Mais l'importance de ce chiffre doit être rapportée à l'ampleur des impôts nouveaux décidés par le précédent gouvernement et que vous aviez peut-être votés : le plan Fillon I représentait un effort de 11 milliards d'euros, assorti de 1 milliard d'euros d'économies ; le plan Fillon II prévoyait 8 milliards d'euros d'impôts nouveaux, sans économies supplémentaires ; si l'on ajoute à cela les mesures nouvelles de fiscalité adoptées en lois de finances par la majorité précédente, le total des impôts nouveaux s'élève, pour les deux dernières années du gouvernement Fillon, à près de 30 milliards d'euros, soit davantage que ce que nous avons fait. Il me semble donc que l'idée reçue selon laquelle la gauche augmente les impôts tandis que la droite les diminue doit être révisée...

Chacun a pris sa part dans le nécessaire effort de redressement de nos finances publiques, lequel passe aussi, hélas, par une augmentation de la fiscalité. Mais celle-ci ne peut être le seul levier : le croire n'est pas plus raisonnable que s'imaginer que l'on pourrait se contenter de réduire la dépense.

C'est pourquoi nous avons maintenu la norme du « zéro valeur », tandis que la stabilité des effectifs de l'État sur l'ensemble de la mandature sera assurée. Ainsi, le projet de loi de finances pour 2013 prévoit la suppression de 2 317 postes dans l'appareil d'État et de 1 303 postes au sein des opérateurs, hors Pôle emploi et l'université. Nous compensons donc bien dès l'année prochaine les créations de postes auxquelles vous avez fait référence par des suppressions de postes, de sorte que, sur la durée de la mandature, il y aura une stabilité du nombre des agents de l'État.

Comment maintenir, dans ces conditions, la masse salariale ? Nous le ferons grâce à des mécanismes bien connus : l'« effet noria » - les agents partant à la retraite sont remplacés par des jeunes, moins avancés dans la carrière et donc moins bien rémunérés - et les mesures catégorielles. Nous divisons par deux les avantages catégoriels par rapport à la situation que nous avons trouvée à notre arrivée.

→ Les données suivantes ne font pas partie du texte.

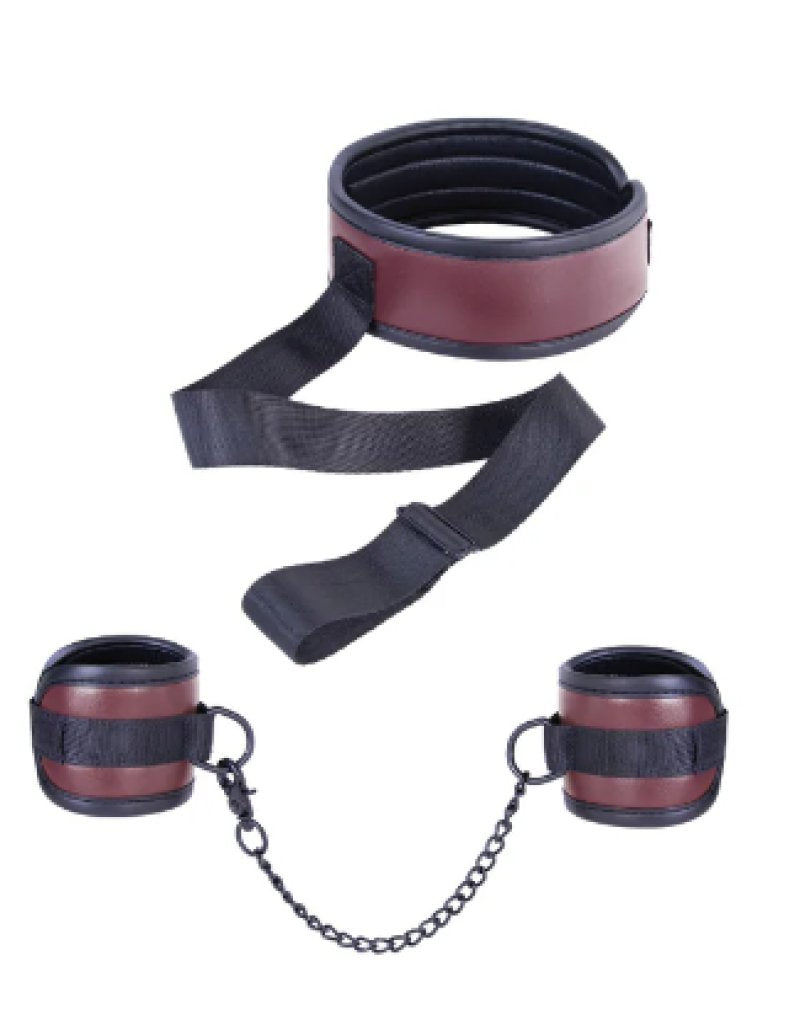 NAUGHTY MOMENT COLLAR WITH HAND CUFFS RED - Just for you desires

Ces éléments donnent, me semble-t-il, quelque crédit à cette affirmation que je réitère : les dépenses de l'État respecteront la norme du « zéro valeur ».
(Applaudissements sur les travées du groupe socialiste, ainsi que sur certaines travées du RDSE.)

M. le président. La parole est à M. Vincent Delahaye, pour la réplique.

M. Vincent Delahaye. Monsieur le ministre, je n'avais pas voté les hausses d'impôts proposées l'an dernier, je ne voterai pas non plus celles que vous nous soumettrez cette année. Je pense que vous ne tiendrez pas vos promesses de retour à l'équilibre budgétaire à l'horizon 2017, pas seulement parce qu'elles sont fondées sur des prévisions de taux de croissance trop optimistes, mais aussi parce que vous aurez manqué de courage pour engager les réformes structurelles nécessaires.

M. Alain Richard. Quel sectarisme !

M. Vincent Delahaye. Réduire les dépenses publiques est impératif pour rendre l'État plus juste et plus efficace. Le technicien Mario Monti le fait très habilement en Italie ; il est surtout courageux, et rien n'empêche les femmes et les hommes politiques français de l'être également.

M. Jean-Vincent Placé. C'est un libéral !

M. Vincent Delahaye. Faudra-t-il que nous fassions nous aussi appel à un technicien - on parle beaucoup ces jours-ci de Louis Gallois ! - pour préparer courageusement l'avenir en réduisant notre dépense publique ? L'action du Gouvernement ne doit pas être uniquement guidée par l'envie - bien légitime ! - d'être confirmé lors des prochaines élections. La démocratie ne doit pas être un obstacle à la construction du futur. Soyez courageux, monsieur le ministre, coupez dans les dépenses, et vous aurez notre soutien !
(Applaudissements sur les travées de l'UDI-UC. - Mlle Sophie Joissains applaudit également.)